→ Task
Copy nothing from the entries below except the lines from the one containing "As you can see, the" through the one containing "The latter was", and copy those exactly.

→ Exercise material

Content starts

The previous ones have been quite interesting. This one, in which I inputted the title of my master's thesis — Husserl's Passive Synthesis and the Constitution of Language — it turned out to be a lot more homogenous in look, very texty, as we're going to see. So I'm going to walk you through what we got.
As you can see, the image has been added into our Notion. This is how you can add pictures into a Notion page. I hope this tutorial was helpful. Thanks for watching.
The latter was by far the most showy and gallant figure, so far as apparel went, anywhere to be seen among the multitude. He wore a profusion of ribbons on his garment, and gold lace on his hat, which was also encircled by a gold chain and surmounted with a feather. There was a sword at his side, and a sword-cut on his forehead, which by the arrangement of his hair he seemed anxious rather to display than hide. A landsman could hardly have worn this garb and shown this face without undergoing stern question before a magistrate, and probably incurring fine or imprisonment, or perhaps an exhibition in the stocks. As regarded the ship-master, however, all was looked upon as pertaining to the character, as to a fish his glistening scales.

Content ends
Content starts

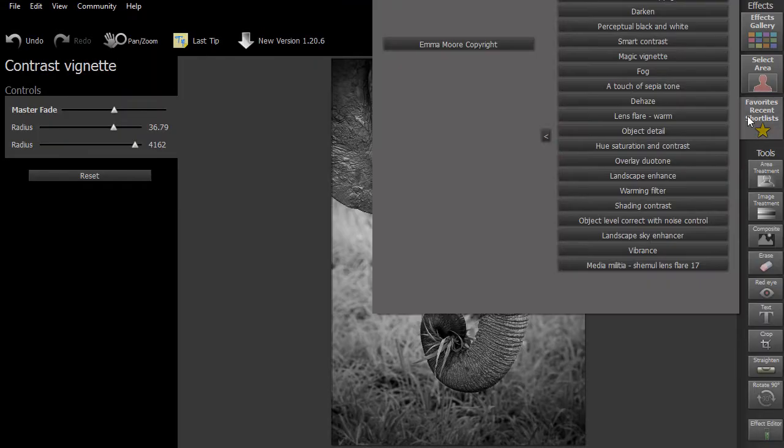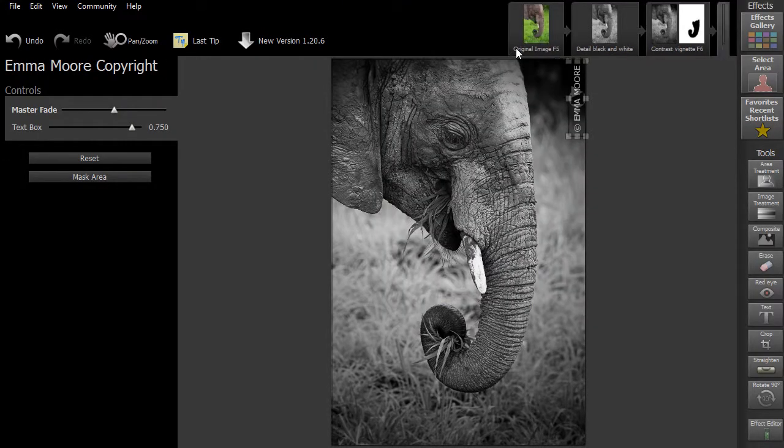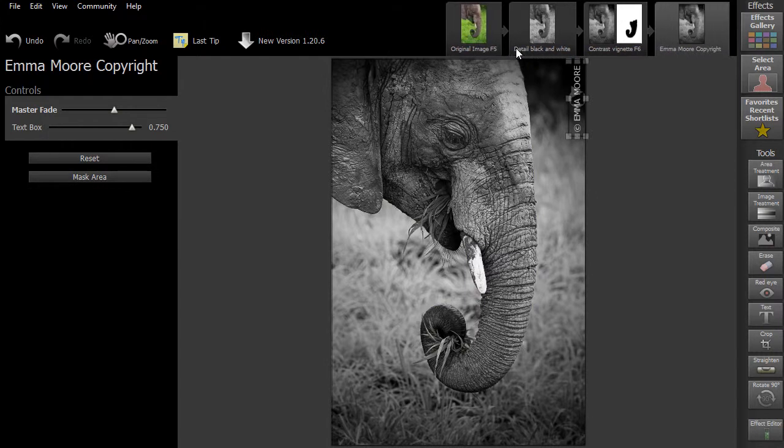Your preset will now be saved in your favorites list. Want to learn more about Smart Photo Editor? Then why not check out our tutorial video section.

Content ends
Content starts

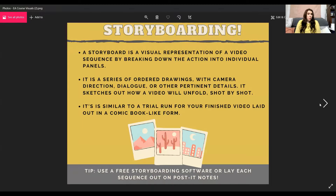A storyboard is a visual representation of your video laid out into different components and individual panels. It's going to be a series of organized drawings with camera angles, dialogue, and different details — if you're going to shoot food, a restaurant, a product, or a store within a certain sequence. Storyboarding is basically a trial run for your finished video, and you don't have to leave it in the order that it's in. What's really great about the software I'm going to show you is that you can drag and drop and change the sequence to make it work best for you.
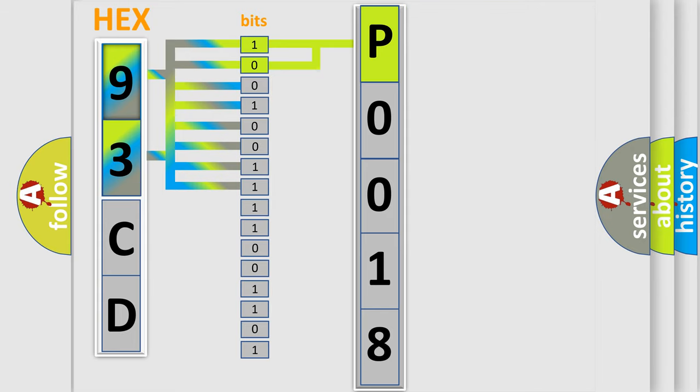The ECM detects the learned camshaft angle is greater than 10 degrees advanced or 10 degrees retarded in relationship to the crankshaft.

Content ends

→ Solution below
As you can see, the image has been added into our Notion. This is how you can add pictures into a Notion page. I hope this tutorial was helpful. Thanks for watching.
The latter was by far the most showy and gallant figure, so far as apparel went, anywhere to be seen among the multitude. He wore a profusion of ribbons on his garment, and gold lace on his hat, which was also encircled by a gold chain and surmounted with a feather. There was a sword at his side, and a sword-cut on his forehead, which by the arrangement of his hair he seemed anxious rather to display than hide. A landsman could hardly have worn this garb and shown this face without undergoing stern question before a magistrate, and probably incurring fine or imprisonment, or perhaps an exhibition in the stocks. As regarded the ship-master, however, all was looked upon as pertaining to the character, as to a fish his glistening scales.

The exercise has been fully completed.